## DIRECTIONS FOR THIS TASK
From the first line to the last, restate the material word for word, omitting pictures.

## PROVIDED RECORDS

==================================================

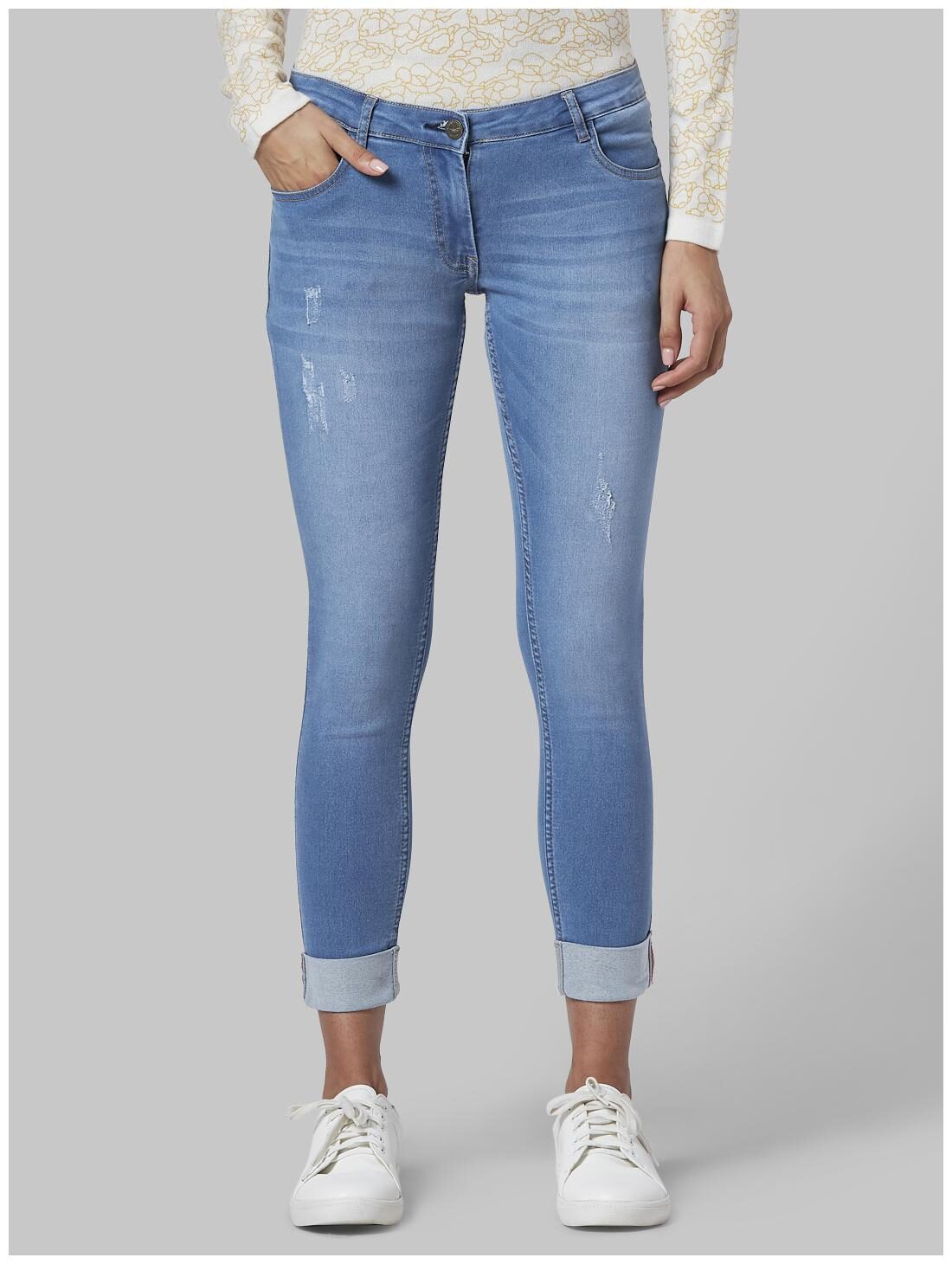 

Park Avenue Women Blue Relaxed fit Jeans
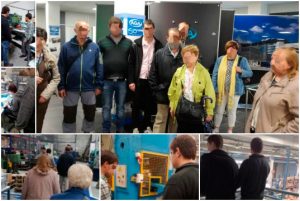 Pacientes que acuden al taller prelaboral visitan Cerraduras Aga Lan aurreko tailerrera joaten diren pazienteak Cerraduras Aga enpresan izan dira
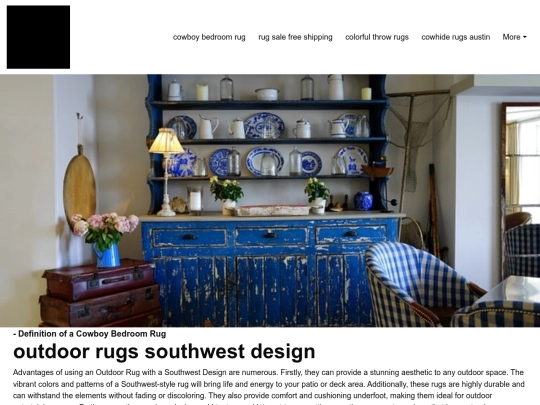cowboy-bedroom-rug/outdoor-rugs-southwest-design screenshot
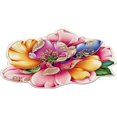 thumbnail image 3 of Floral Area Rugs Peony Flower Shape Area Rugs Non-Slip Rugs Floral Shaggy Carpet Bath Mat for Bedroom Kitchen Bathroom Living Room, Multicolor, 2'x2', 3 of 7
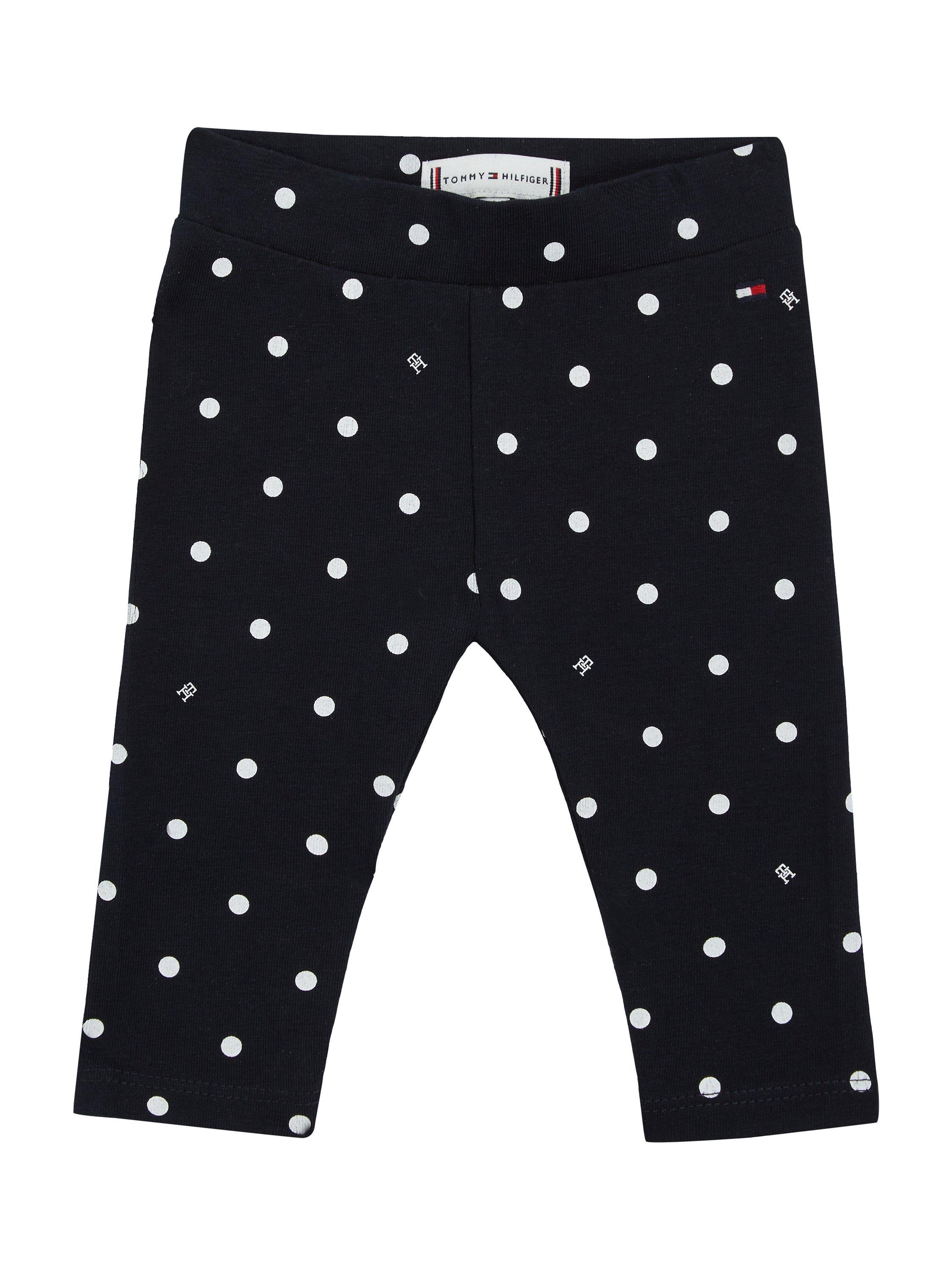 Tommy Hilfiger Baby Dot Monogram Logo Leggings, Desert Sky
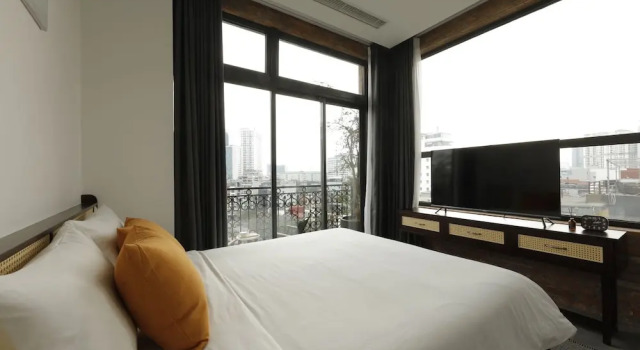 Апартаменты с балконом Mersey Central Hanoi ApartHotel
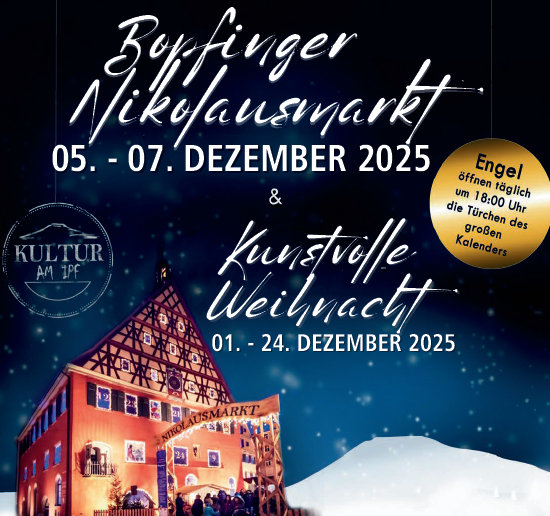 Plakat Bopfinger Weihnachtszeit 2025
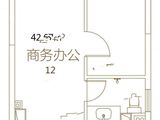 恒大睿城_42.67平户型 建面42平米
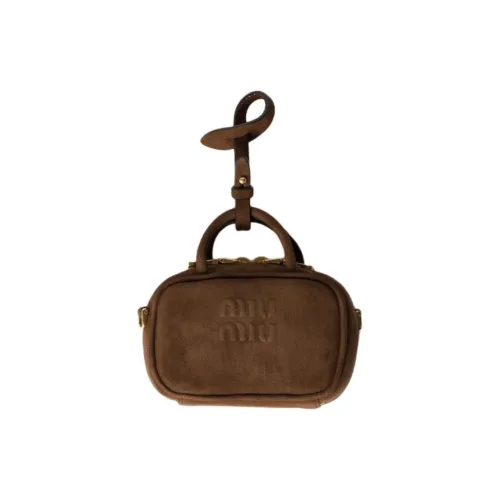MIU MIU Beau Овчина Сумка через плечо Сумка Мини Женская Темно-Коричневая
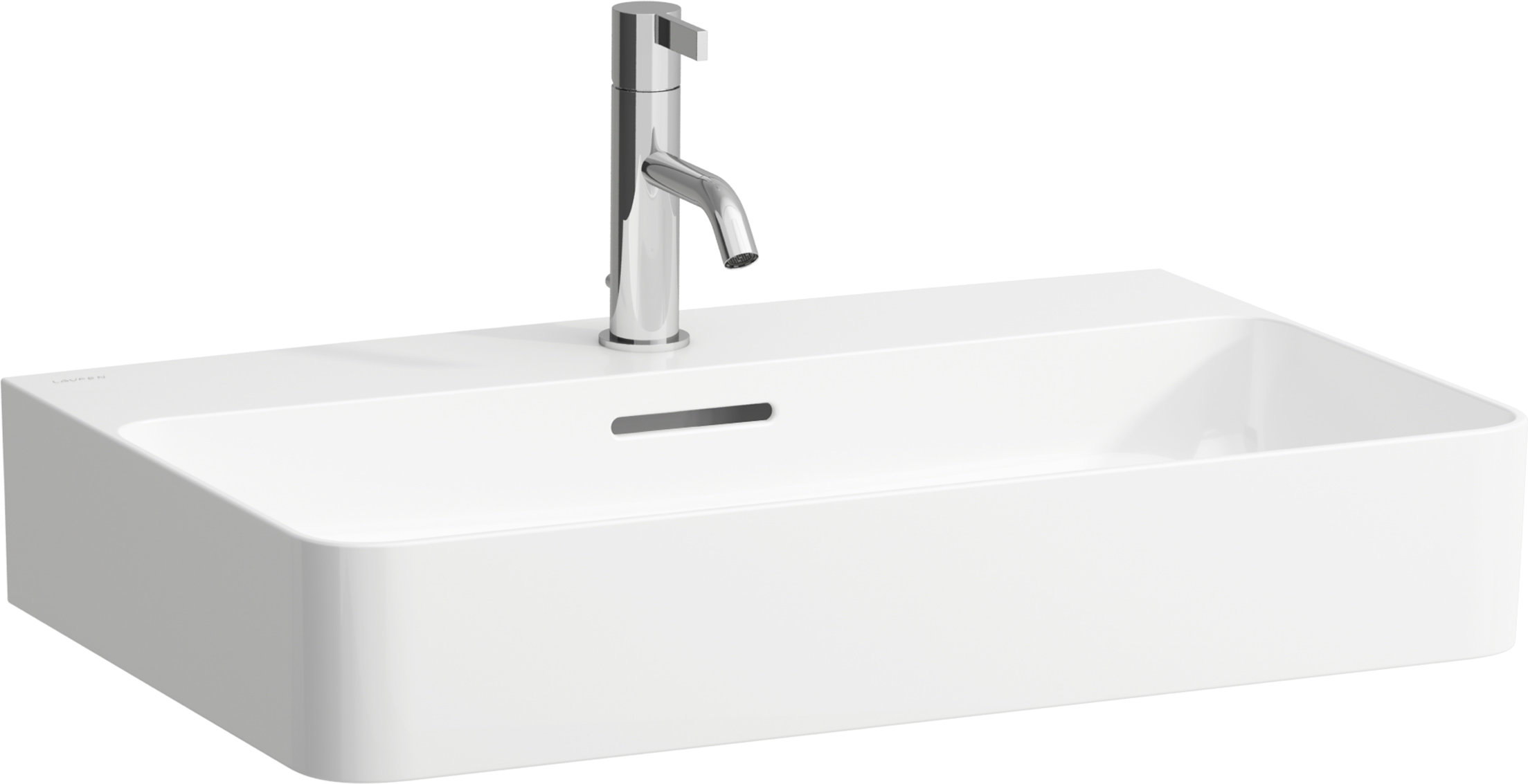 Laufen Val lavabo 65x42 cm rectangular clásico-sobre encimera blanco brillante H8162840001041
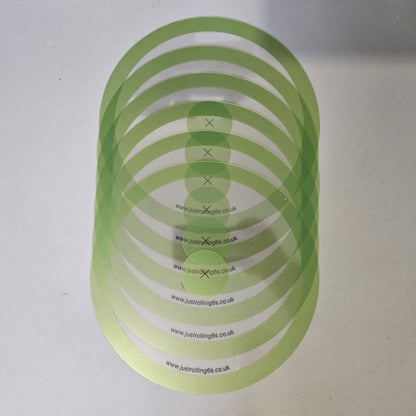 Set of 6 Lime Green Wargaming Objectives Useable in Warhammer 40k V2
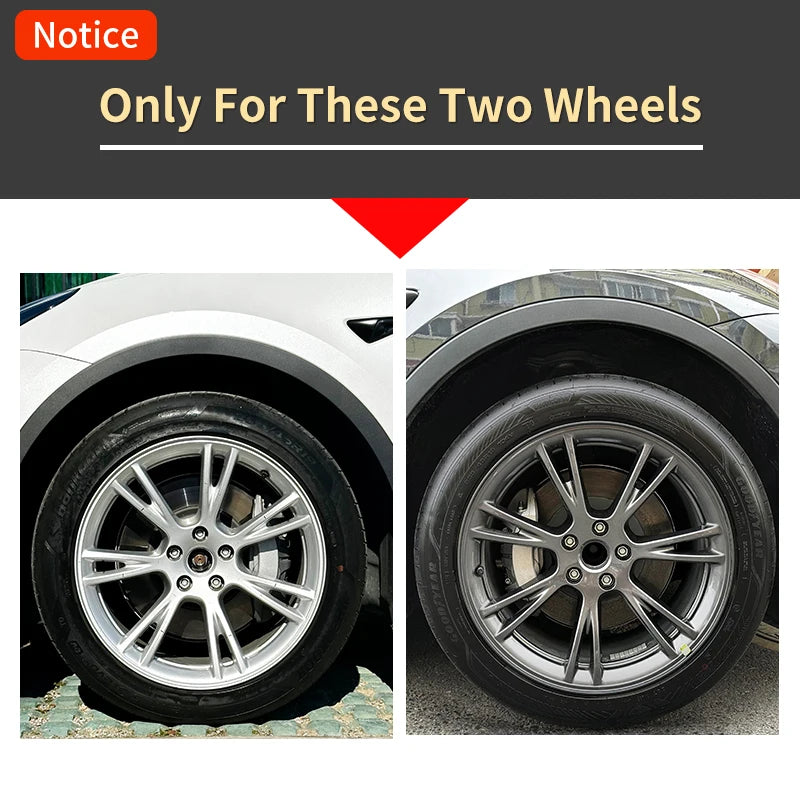 4-Piece Tesla Model Y Wheel Cover Set - 19 Inch Hubcaps for Rim Protection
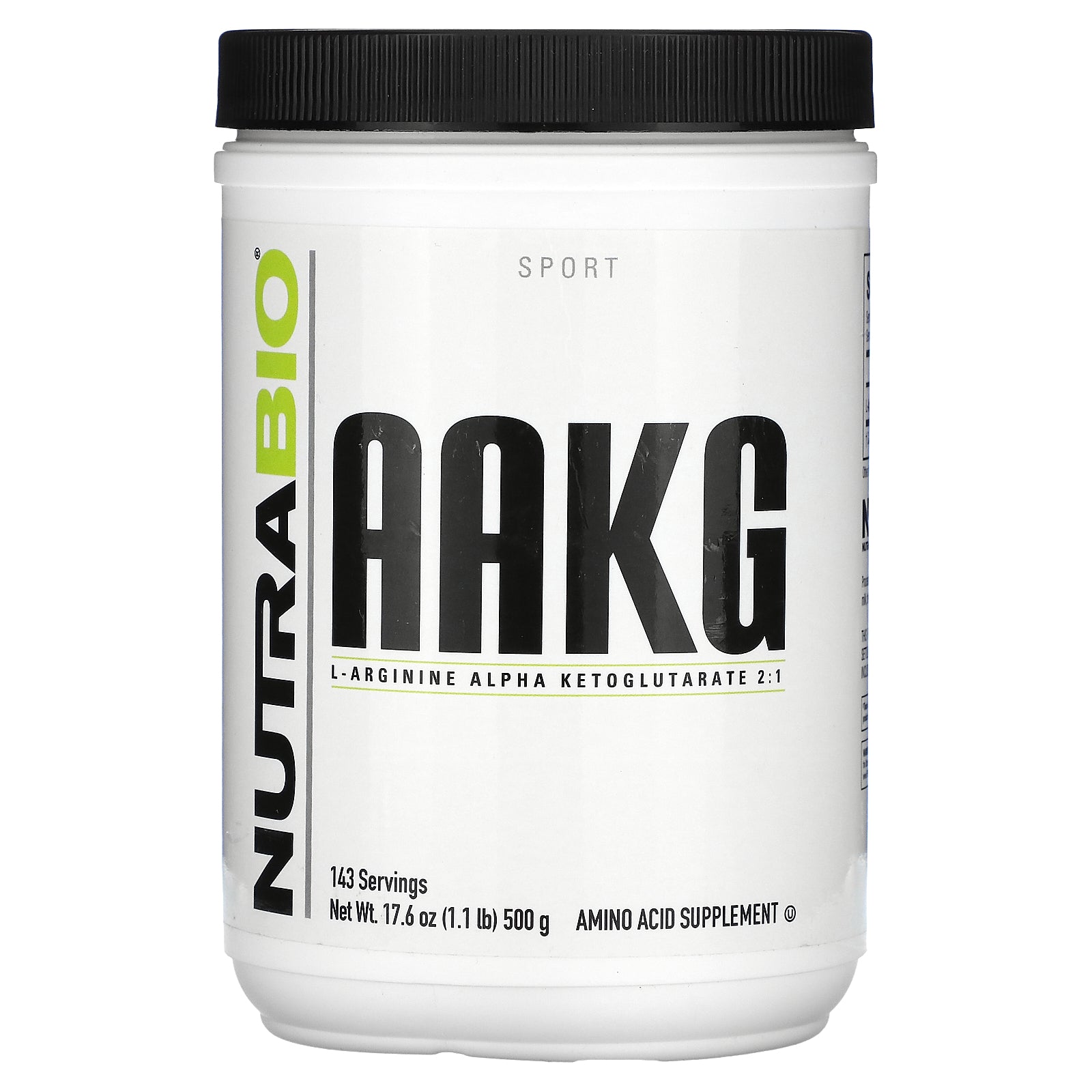 NutraBio, AAKG, 1.1 lb (500 g)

==================================================

## YOUR SOLUTION
Park Avenue Women Blue Relaxed fit Jeans
 Pacientes que acuden al taller prelaboral visitan Cerraduras Aga Lan aurreko tailerrera joaten diren pazienteak Cerraduras Aga enpresan izan dira
cowboy-bedroom-rug/outdoor-rugs-southwest-design screenshot
 thumbnail image 3 of Floral Area Rugs Peony Flower Shape Area Rugs Non-Slip Rugs Floral Shaggy Carpet Bath Mat for Bedroom Kitchen Bathroom Living Room, Multicolor, 2'x2', 3 of 7
 Tommy Hilfiger Baby Dot Monogram Logo Leggings, Desert Sky
 Апартаменты с балконом Mersey Central Hanoi ApartHotel
 Plakat Bopfinger Weihnachtszeit 2025
 恒大睿城_42.67平户型 建面42平米
MIU MIU Beau Овчина Сумка через плечо Сумка Мини Женская Темно-Коричневая
 Laufen Val lavabo 65x42 cm rectangular clásico-sobre encimera blanco brillante H8162840001041
 Set of 6 Lime Green Wargaming Objectives Useable in Warhammer 40k V2
 4-Piece Tesla Model Y Wheel Cover Set - 19 Inch Hubcaps for Rim Protection
 NutraBio, AAKG, 1.1 lb (500 g)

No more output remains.